WHAT IS REQUIRED — Exactly retype the lines of the material from its first line to the line with "Die Hand eines", including both.

───

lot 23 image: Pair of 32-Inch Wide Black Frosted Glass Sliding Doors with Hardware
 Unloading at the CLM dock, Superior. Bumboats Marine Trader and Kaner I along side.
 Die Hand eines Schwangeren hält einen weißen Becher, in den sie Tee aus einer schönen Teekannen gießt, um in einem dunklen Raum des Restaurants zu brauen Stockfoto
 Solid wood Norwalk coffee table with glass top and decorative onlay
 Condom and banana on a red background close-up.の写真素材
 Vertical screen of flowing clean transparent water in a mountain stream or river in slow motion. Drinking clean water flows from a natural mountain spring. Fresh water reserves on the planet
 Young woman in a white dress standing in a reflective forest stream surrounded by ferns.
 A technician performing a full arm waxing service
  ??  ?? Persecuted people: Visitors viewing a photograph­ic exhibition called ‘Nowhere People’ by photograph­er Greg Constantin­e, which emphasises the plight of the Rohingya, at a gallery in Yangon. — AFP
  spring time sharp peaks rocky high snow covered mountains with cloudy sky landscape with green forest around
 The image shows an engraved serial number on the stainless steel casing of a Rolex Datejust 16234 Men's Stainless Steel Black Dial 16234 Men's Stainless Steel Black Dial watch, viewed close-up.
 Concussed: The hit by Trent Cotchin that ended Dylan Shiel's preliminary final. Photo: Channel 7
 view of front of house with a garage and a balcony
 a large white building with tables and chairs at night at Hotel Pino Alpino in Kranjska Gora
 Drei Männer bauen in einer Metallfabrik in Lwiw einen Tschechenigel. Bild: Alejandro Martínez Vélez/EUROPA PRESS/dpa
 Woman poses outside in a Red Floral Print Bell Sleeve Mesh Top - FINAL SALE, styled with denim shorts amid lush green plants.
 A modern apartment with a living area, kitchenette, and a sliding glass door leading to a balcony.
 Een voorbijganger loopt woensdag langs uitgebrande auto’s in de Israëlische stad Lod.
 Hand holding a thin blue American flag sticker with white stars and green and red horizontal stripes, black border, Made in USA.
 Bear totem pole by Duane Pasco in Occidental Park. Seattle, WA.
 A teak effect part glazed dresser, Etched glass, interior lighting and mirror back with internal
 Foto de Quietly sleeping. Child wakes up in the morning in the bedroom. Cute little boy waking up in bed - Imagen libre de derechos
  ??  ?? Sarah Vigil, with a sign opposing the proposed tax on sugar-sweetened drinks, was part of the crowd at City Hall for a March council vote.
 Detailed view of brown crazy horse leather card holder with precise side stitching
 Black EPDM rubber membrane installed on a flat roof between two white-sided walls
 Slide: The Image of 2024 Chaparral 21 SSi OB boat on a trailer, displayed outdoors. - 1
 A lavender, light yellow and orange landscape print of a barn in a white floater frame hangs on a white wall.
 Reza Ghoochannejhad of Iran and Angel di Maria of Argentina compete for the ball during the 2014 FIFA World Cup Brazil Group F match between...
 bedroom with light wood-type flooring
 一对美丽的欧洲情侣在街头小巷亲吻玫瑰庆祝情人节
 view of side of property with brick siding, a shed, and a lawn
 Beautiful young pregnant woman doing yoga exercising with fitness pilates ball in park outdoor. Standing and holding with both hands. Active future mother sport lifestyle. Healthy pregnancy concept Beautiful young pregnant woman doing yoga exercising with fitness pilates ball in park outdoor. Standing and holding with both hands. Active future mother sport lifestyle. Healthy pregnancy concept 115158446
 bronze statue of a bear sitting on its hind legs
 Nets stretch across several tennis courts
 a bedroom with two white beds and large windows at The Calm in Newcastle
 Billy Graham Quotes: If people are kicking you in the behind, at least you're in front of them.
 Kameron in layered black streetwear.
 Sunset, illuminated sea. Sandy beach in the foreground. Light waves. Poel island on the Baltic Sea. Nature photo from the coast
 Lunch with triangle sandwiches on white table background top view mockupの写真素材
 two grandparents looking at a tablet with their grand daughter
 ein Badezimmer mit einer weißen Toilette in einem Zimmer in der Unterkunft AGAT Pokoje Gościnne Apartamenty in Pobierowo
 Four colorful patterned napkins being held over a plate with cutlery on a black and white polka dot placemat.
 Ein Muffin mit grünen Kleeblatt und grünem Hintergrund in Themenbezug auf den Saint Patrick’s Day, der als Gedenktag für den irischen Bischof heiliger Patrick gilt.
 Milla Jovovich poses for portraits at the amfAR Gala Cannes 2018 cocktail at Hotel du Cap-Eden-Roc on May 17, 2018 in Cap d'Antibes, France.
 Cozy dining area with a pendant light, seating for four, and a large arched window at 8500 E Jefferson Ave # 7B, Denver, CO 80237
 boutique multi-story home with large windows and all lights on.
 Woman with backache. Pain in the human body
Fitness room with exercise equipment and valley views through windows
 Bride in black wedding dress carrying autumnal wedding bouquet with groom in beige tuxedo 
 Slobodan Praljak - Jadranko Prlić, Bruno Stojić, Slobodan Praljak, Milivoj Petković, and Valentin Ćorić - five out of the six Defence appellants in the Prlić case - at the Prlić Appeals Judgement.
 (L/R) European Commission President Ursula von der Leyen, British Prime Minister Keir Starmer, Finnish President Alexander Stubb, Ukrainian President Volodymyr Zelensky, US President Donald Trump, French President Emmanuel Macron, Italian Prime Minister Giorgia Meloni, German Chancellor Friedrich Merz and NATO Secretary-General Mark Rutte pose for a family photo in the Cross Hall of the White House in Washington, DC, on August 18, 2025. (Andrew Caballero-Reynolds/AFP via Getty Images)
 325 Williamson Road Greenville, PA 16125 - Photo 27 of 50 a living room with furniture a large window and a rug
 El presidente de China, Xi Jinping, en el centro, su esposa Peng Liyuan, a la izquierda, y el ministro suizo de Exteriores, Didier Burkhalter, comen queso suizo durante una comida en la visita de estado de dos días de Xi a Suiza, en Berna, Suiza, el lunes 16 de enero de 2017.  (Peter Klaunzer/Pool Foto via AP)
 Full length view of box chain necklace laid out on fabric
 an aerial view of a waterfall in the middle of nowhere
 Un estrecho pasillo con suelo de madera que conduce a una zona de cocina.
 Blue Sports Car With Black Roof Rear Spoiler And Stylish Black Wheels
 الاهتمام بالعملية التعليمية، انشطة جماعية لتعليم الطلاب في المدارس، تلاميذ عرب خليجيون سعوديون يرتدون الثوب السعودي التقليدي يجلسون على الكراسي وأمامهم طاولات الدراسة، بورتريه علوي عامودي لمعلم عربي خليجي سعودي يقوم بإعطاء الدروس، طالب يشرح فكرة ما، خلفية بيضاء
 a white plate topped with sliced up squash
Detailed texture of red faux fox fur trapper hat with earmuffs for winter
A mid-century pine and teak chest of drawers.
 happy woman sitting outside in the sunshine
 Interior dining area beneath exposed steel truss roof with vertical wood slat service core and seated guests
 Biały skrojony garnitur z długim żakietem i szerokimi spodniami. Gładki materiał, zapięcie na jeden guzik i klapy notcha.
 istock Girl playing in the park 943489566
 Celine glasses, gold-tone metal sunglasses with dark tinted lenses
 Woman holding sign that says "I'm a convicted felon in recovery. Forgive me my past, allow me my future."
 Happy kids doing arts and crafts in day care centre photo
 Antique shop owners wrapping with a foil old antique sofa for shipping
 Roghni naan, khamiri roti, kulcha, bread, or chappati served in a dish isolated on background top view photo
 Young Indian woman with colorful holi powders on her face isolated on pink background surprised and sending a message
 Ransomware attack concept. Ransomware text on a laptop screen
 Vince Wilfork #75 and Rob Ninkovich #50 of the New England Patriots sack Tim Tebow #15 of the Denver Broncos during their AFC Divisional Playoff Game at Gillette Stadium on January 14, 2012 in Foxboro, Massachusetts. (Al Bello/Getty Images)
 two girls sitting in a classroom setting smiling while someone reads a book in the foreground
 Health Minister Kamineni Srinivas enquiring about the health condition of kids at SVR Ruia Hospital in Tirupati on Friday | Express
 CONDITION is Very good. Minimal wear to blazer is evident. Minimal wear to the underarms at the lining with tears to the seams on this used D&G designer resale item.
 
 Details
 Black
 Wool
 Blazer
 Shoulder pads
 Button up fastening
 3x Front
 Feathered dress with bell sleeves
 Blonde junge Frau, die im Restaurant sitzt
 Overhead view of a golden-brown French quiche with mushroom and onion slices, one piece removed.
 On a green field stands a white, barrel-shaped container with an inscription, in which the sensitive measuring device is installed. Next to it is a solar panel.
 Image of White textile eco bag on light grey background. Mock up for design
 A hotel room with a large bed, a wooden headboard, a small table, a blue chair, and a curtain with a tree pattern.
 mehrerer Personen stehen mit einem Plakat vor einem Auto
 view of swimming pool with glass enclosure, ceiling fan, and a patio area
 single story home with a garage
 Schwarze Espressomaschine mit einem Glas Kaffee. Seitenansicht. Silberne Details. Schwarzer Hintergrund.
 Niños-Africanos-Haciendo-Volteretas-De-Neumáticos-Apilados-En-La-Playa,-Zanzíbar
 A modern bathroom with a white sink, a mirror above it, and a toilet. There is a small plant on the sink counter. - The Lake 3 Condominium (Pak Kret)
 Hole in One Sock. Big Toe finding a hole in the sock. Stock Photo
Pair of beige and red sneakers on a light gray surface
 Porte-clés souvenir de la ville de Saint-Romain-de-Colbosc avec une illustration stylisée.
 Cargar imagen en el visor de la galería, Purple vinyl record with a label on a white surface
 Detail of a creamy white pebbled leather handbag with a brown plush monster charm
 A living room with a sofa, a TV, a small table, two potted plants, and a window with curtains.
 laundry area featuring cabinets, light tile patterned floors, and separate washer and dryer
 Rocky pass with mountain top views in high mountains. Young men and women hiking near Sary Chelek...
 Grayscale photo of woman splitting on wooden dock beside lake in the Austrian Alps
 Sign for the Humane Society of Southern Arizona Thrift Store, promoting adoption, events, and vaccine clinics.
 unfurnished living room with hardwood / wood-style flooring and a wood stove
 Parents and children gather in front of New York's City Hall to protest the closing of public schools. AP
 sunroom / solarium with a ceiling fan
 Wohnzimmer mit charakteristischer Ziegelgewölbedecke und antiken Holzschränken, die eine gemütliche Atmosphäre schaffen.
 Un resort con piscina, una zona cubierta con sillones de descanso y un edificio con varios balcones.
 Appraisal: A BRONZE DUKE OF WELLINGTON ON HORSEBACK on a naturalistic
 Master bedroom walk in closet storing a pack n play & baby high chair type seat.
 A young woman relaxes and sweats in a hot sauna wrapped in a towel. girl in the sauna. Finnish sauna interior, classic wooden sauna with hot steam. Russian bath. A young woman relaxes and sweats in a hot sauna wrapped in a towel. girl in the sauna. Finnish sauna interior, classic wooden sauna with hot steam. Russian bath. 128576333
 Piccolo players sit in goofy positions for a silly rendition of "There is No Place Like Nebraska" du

───

RESPONSE BOX —
lot 23 image: Pair of 32-Inch Wide Black Frosted Glass Sliding Doors with Hardware
 Unloading at the CLM dock, Superior. Bumboats Marine Trader and Kaner I along side.
 Die Hand eines Schwangeren hält einen weißen Becher, in den sie Tee aus einer schönen Teekannen gießt, um in einem dunklen Raum des Restaurants zu brauen Stockfoto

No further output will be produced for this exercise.